Each embedding combines multiple fields for semantic richness:
Context: [the question or event that prompted the response]
Response: [the agent's actual response]
Feedback: [the reviewer's written feedback]
Agent: [witness | judge | opposing_counsel]
Phase: [courtroom phase]

Metadata Filtering

RAG retrieval uses metadata to ensure relevant examples:
  • Agent type — A witness agent only gets witness examples, never judge examples.
  • Phase — Cross-examination responses are compared against other cross-examination examples.
  • Similarity threshold — If no examples are similar enough, the system skips RAG injection rather than using irrelevant guidance.

Visibility in Langfuse

Human ratings are stored in Payload CMS alongside the evaluation results.

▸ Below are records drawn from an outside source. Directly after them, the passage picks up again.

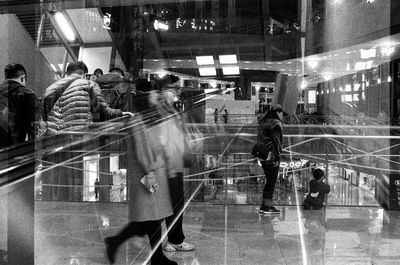 People walking on illuminated street in city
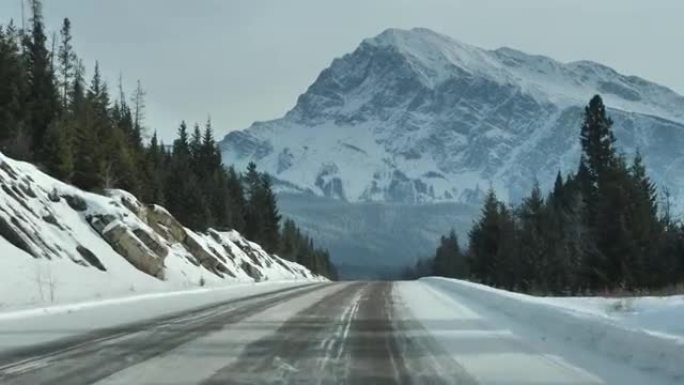 在加拿大艾伯塔省贾斯珀和班夫国家公园的加拿大落基山脉，一辆汽车驶过森林的雪地道路的驾驶员透视图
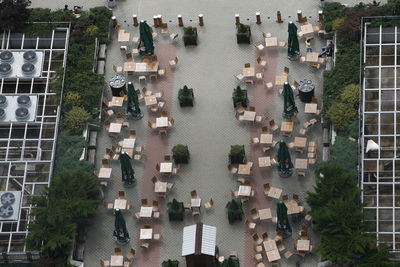 High angle view of empty tables and chairs at sidewalk cafe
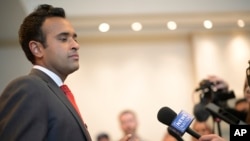 Republican presidential candidate Vivek Ramaswamy answers questions from reporters after speaking at the Republican Party of Florida Freedom Summit, Nov. 4, 2023, in Kissimmee, Fla.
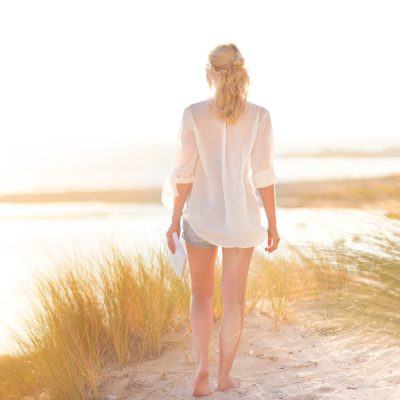 woman walking through beach grass on the beach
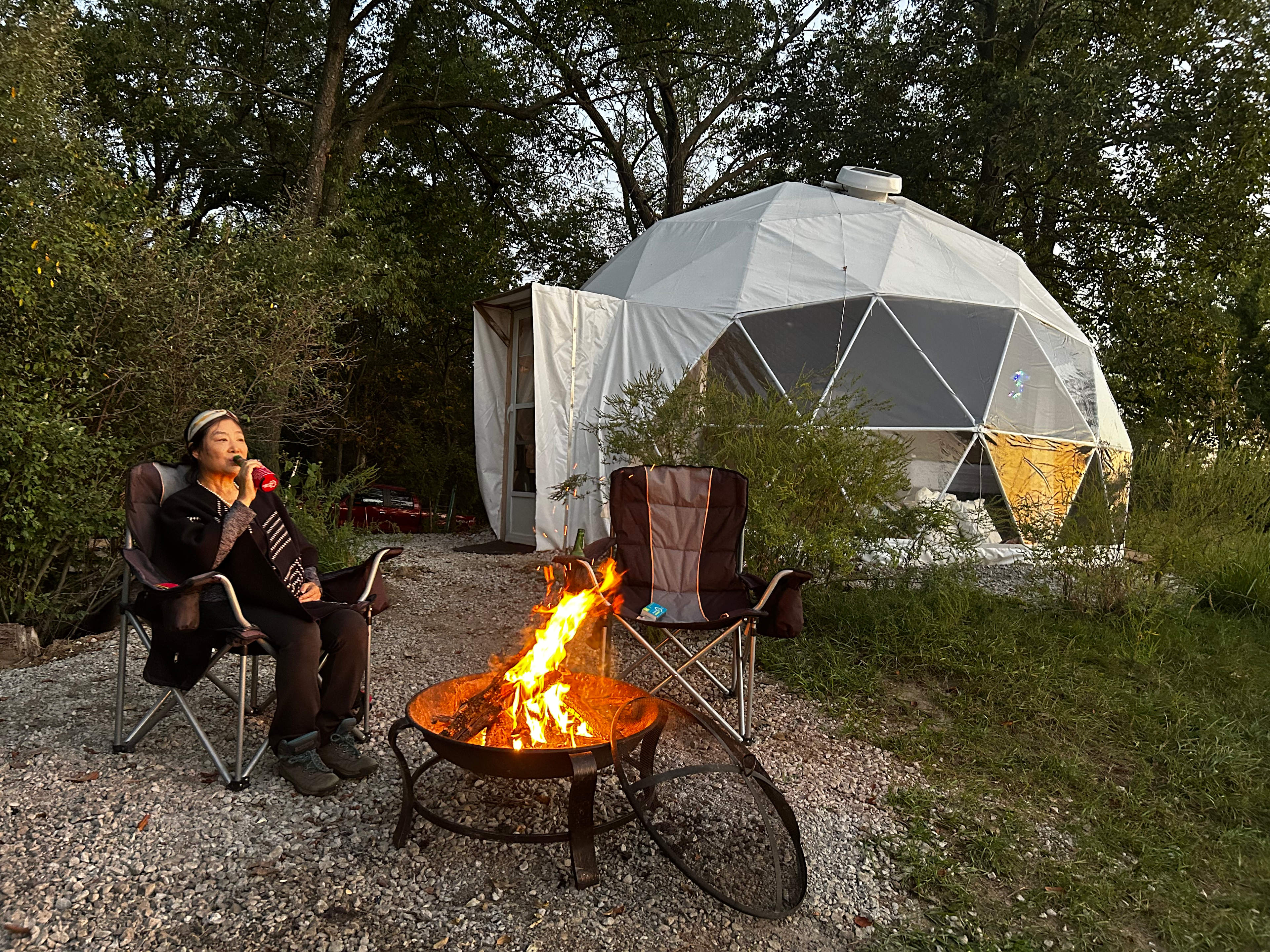 Out side the dome portable fire pit. A perfect spot to watch sunsetting.
There is an additional sitting area behind the dome with another fire pit and picnic table. Additional spaces behind the dome for hammocks car parking etc.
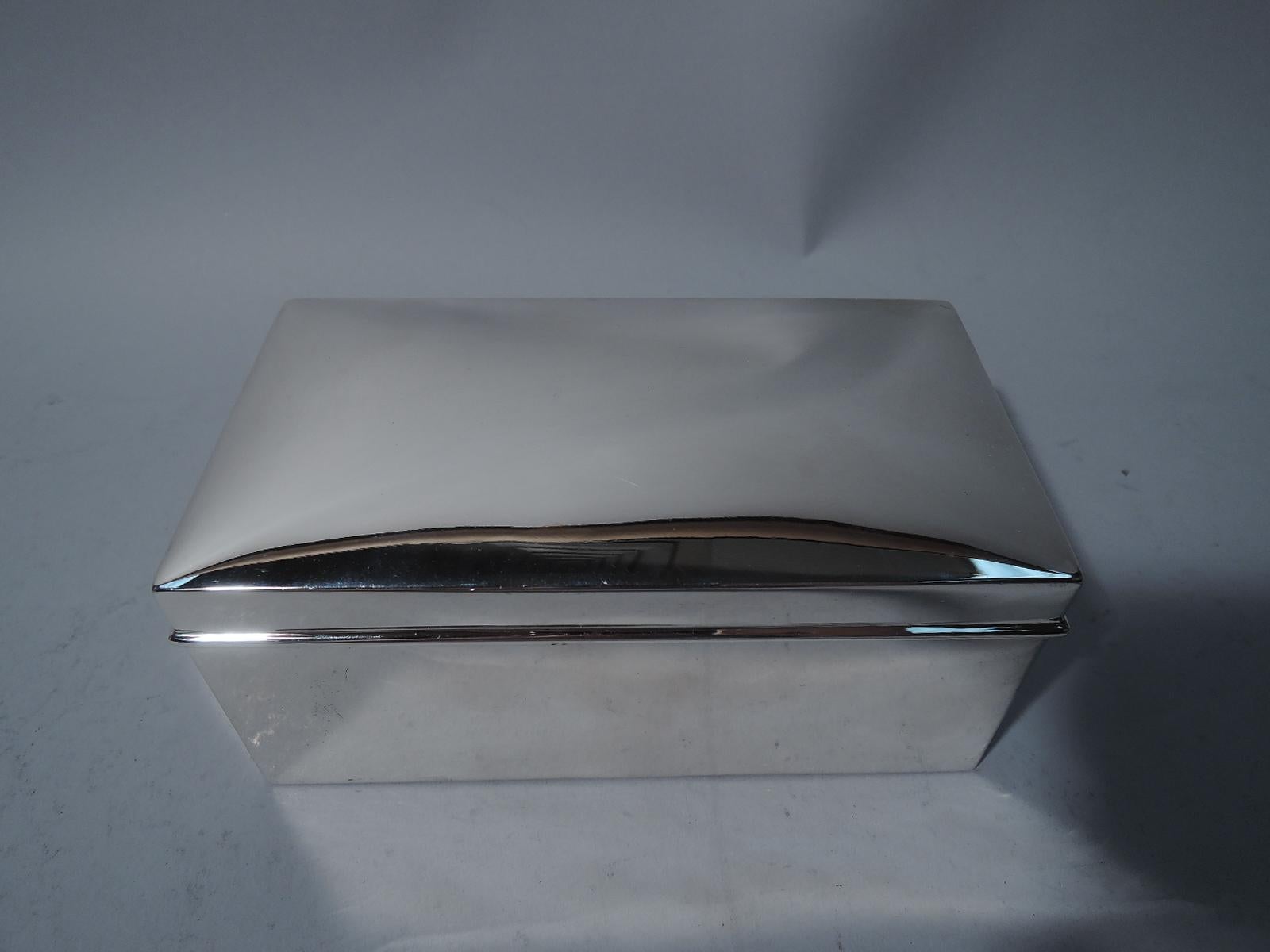 Modern sterling silver casket box. Made by Woods & Chatellier for Tiffany & Co., both in New York. Rectangular with straight sides. Cover is hinged with gently curved top and molded rim. Box and cover interior cedar-lined. Hallmark includes maker's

While they aren’t pushed as annotations directly to individual Langfuse spans, you can cross-reference them:
  • The evaluation batch trace in Langfuse includes the batchRunId.
  • The same batchRunId links to results in Payload that contain the humanRating and humanFeedback fields.
  • This lets you correlate Langfuse’s automated generation data with human judgment stored in the eval system.